In return for moderates’ support for an earlier budget measure, Pelosi began debate this week on the infrastructure bill, which tops their wish list.
But progressives dominating the House are promising to derail it by voting no because they lack confidence that the centrists will back the separate $3.5 trillion legislation, which progressives treasure.
Centrists consider the larger bill too expensive and oppose some of its spending increases and tax boosts on the wealthy and corporations to help pay for it. Reflecting the need for a deal between the two factions, that bill’s ultimate size is certain to shrink.
Progressives want Democratic leaders to stand by earlier statements that both bills would move through Congress together. That was to be a kind of mutually assured destruction moment, letting each of the party’s wings hold the other’s priority hostage until both could pass.
Right now, there’s no compromise version of the larger bill in sight, so that won’t work. With two centrist Democratic senators — West Virginia’s Joe Manchin and Arizona’s Kyrsten Sinema — the major obstacles to such a deal, the sniping is pitting House and Senate Democrats against each other as well.

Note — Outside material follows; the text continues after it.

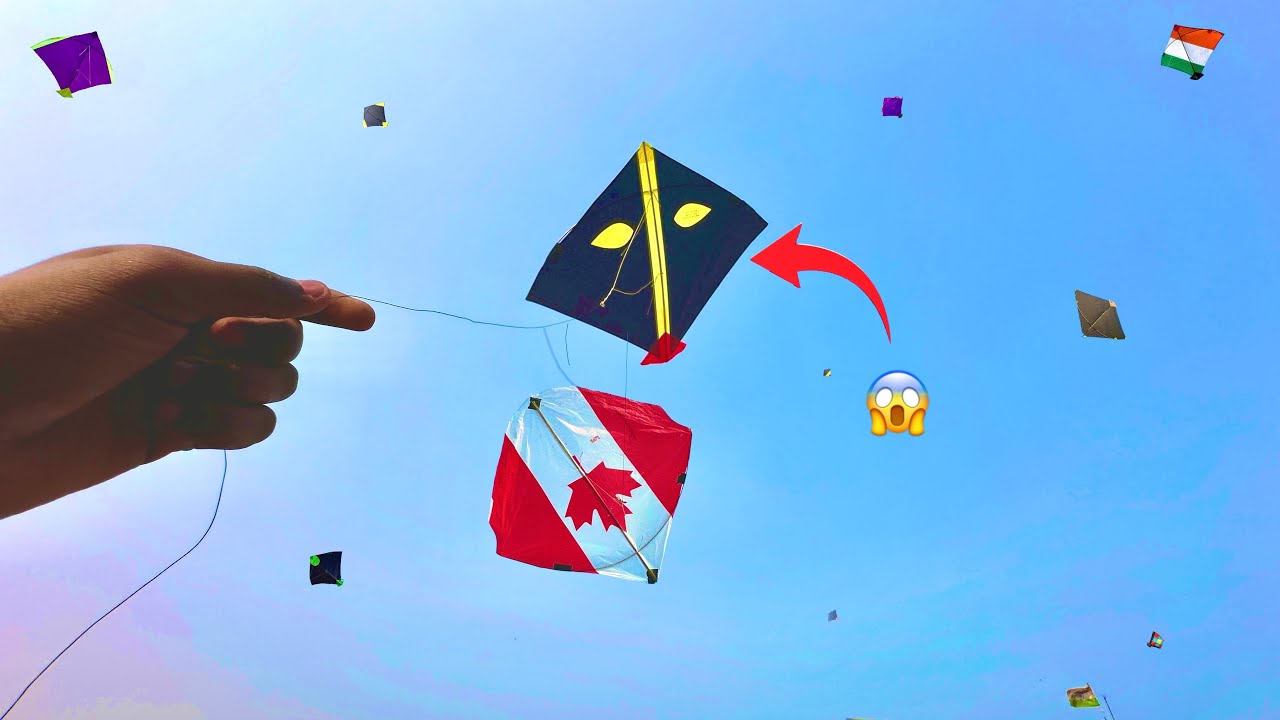 Kite Cacthing 😱 On Other Roof Kite Looting | Kite Catch | Kites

“We are not blindly trusting that these bills are going to get done in the Senate, without actually having that be guaranteed,” said Rep. Ilhan Omar, D-Minn., a leader of House progressives. The guarantee she and other progressives want is a Senate-passed, compromise $3.5 trillion measure that progressives support and can pass the House.

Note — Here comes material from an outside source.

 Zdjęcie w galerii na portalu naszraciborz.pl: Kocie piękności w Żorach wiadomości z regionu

“My father told me when I was growing up, there’s a fine line between being a good guy” and a “fool,” said Rep. Jim McGovern, D-Mass. “I don’t want to be rolled.” He said House progressives want “an assurance” that the Senate will send a compromise bill to the House.
Yet instead of waiting for that accord to be struck, House leaders were honoring “some stupid, arbitrary deadline” that moderates demanded to debate and vote on the infrastructure bill this week, complained Rep. Pramila Jayapal, D-Wash., who heads the nearly 100-member Congressional Progressive Caucus.
As for moderates, Rep. Stephanie Murphy, D-Fla., told reporters Wednesday that she wanted Biden, party leaders and outside allies like labor unions to lobby House Democrats to back the infrastructure measure.
“If the vote were to fail tomorrow or be delayed, there would be a significant breach in trust that would slow the momentum in moving forward in delivering the Biden agenda,” said Murphy, leader of the centrist House Blue Dog Coalition.
Later Wednesday, Manchin, perhaps the centrist whom party progressives most resent, piqued them further with his latest salvo against the $3.5 trillion package. Spending that much at a time of inflation and a ballooning national debt is “the definition of fiscal insanity,” Manchin said.
“I assume he’s saying that the president is insane, because this is the president’s agenda,” Jayapal said.
None of this is a surprise to John Lawrence. He was Pelosi’s chief of staff when Obama’s health care overhaul moved through Congress.
That measure was enacted over solid Republican opposition, when Democrats had much larger majorities than today. But first, Democrats in the House and Senate spent months fighting over issues like whether to include government-run “public option” health coverage, which ended up being dropped.
Distrust between the two chambers ran “very, very deep,” Lawrence recalled in an interview. To address that, then-Senate Majority Leader Harry Reid, D-Nev., privately presented a letter to nervous House Democrats that he said committed Democratic senators to supporting provisions in a House-passed bill that embodied parts of the overhaul.
As was true a decade ago, letting Democrats’ internal disputes sink Biden’s agenda risks damage in next year’s congressional elections by alienating voters, Lawrence said.
“It either shows Democrats can be trusted to govern” or not, he said of how the party will handle the current fight.
“It’s like the gunfight at the OK Corral,” Lawrence said. “Everybody has their guns pointed at each other. You either pull the trigger or go back into the saloon and try to work this thing out.”